Spark's Catalyst optimizer creates execution plans:
- **Logical Plan**: What to compute
- **Optimized Plan**: How to compute (after optimizations)
- **Physical Plan**: Actual execution strategy

**Using explain():**
- `explain()`: Shows physical plan
- `explain(True)`: Shows all plans
- `explain("formatted")`: Pretty formatted

**Look For:**
- Shuffle operations (Exchange)
- Join strategies (BroadcastHashJoin vs SortMergeJoin)
- Filter pushdown
- Column pruning

In [None]:
# Create query to analyze
df1 = spark.range(0, 1000000).toDF("id") \
    .withColumn("value", (rand() * 100).cast("int")) \
    .withColumn("category", (col("id") % 10).cast("string"))

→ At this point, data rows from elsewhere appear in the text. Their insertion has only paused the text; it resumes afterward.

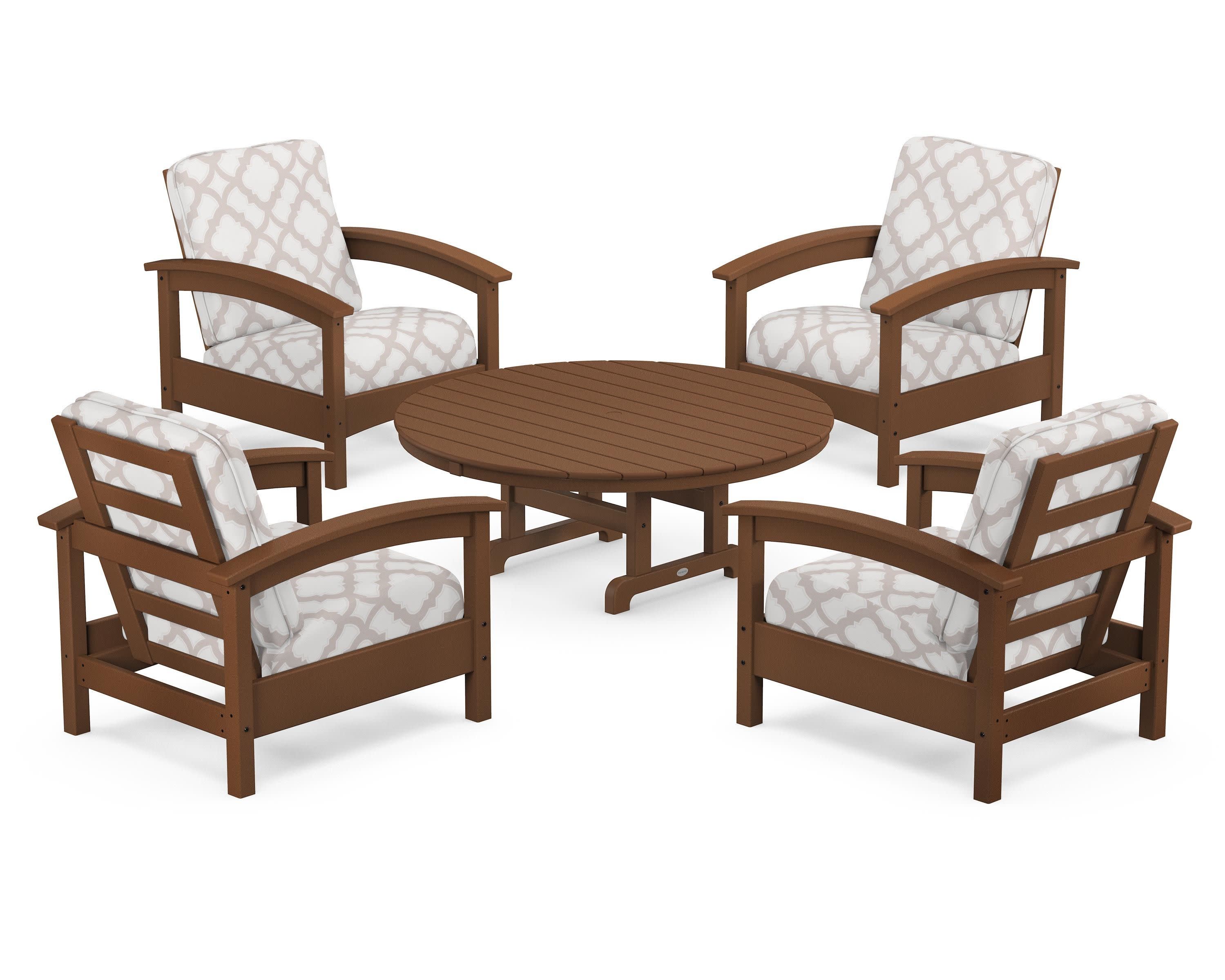 Rockport 5-Piece Deep Seating Set in Tree House / Trellis Dune Burlap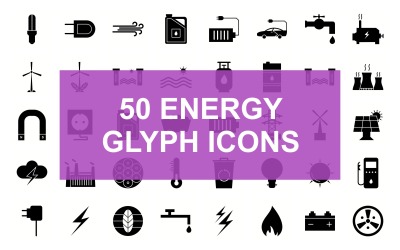 Energetický glyf černá sada ikon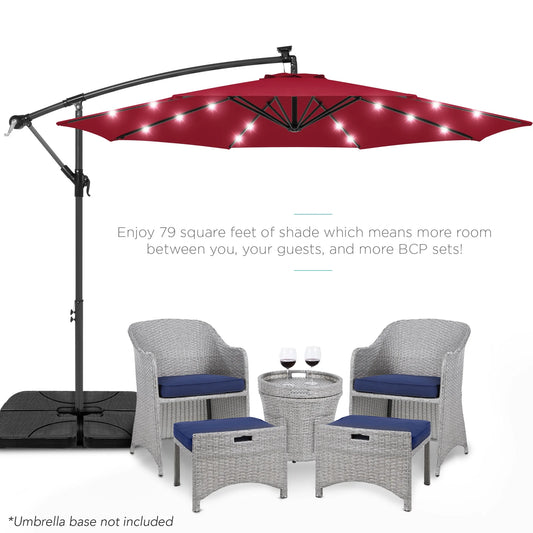 10Ft Solar LED Offset Hanging Outdoor Market Patio Umbrella W/ Adjustable Tilt - Burgundy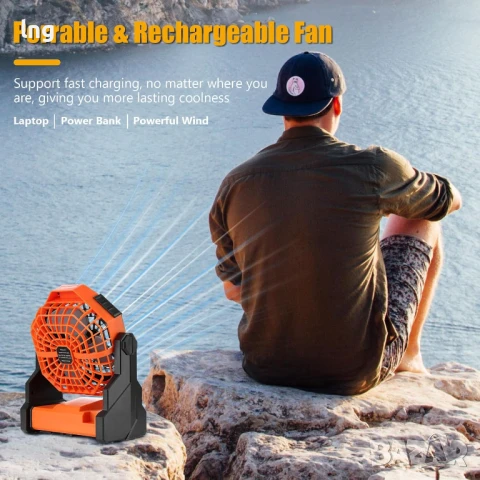 Продавам: Преносим LED Фенер с Кука за Къмпинг/Работа (Ledeak, Акумулаторен, Въртящ се), снимка 6 - Къмпинг осветление - 50927406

df2 = spark.range(0, 10).toDF("category_id") \
    .withColumn("category", col("category_id").cast("string")) \
    .withColumn("name", expr("concat('Cat_', category)"))

# Complex query
result = df1.filter(col("value") > 50) \
    .join(broadcast(df2), "category") \
    .groupBy("name") \
    .agg(
        count("*").alias("count"),
        avg("value").alias("avg_value")
    ) \
    .orderBy(col("count").desc())

print("=== Query Execution Plan ===")
result.explain()

In [None]:
# Detailed explanation
print("\n=== Extended Explanation ===")
result.explain(True)

print("\n=== What to Look For ===")
print("1. BroadcastHashJoin: Good! Small table broadcasted")
print("2. Exchange: Shuffle operation (minimize these)")
print("3. Filter pushed before Join: Good! Less data to join")
print("4. Project (column pruning): Good! Only needed columns")

## 8. Exercises

### Exercise 1: Partition Optimization

Optimize a query using appropriate partitioning.

**Tasks:**
1. Create a DataFrame with 10M rows, columns: id, user_id (1000 users), value
2. Calculate average value per user WITHOUT pre-partitioning
3. Repartition by user_id and calculate average again
4. Compare execution times
5. Determine the optimal number of partitions

In [None]:
# Your code here
# TODO: Create DataFrame
# TODO: Test without partitioning
# TODO: Test with partitioning
# TODO: Compare results

### Exercise 2: Caching Strategy

Determine when caching improves performance.

**Tasks:**
1. Create an expensive DataFrame (multiple transformations)
2. Use it 5 times in different queries WITHOUT caching
3. Repeat WITH caching
4. Calculate the break-even point (how many uses justify caching)
5. Test different storage levels and compare

In [None]:
# Your code here
# TODO: Create expensive computation
# TODO: Test without caching
# TODO: Test with caching
# TODO: Analyze break-even point

### Exercise 3: Join Optimization

Optimize a multi-table join scenario.

**Tasks:**
1. Create 3 tables: orders (large), customers (medium), products (small)
2. Join all three tables together
3. Optimize using broadcast joins where appropriate
4. Compare shuffle join vs broadcast join performance
5. Examine execution plans to verify optimizations

In [None]:
# Your code here
# TODO: Create tables
# TODO: Join without optimization
# TODO: Join with broadcast
# TODO: Compare and analyze

## 9. Exercise Solutions

### Solution 1: Partition Optimization

In [None]:
# Create DataFrame
user_df = spark.range(0, 10000000).toDF("id") \
    .withColumn("user_id", (col("id") % 1000).cast("string")) \
    .withColumn("value", (rand() * 1000).cast("int"))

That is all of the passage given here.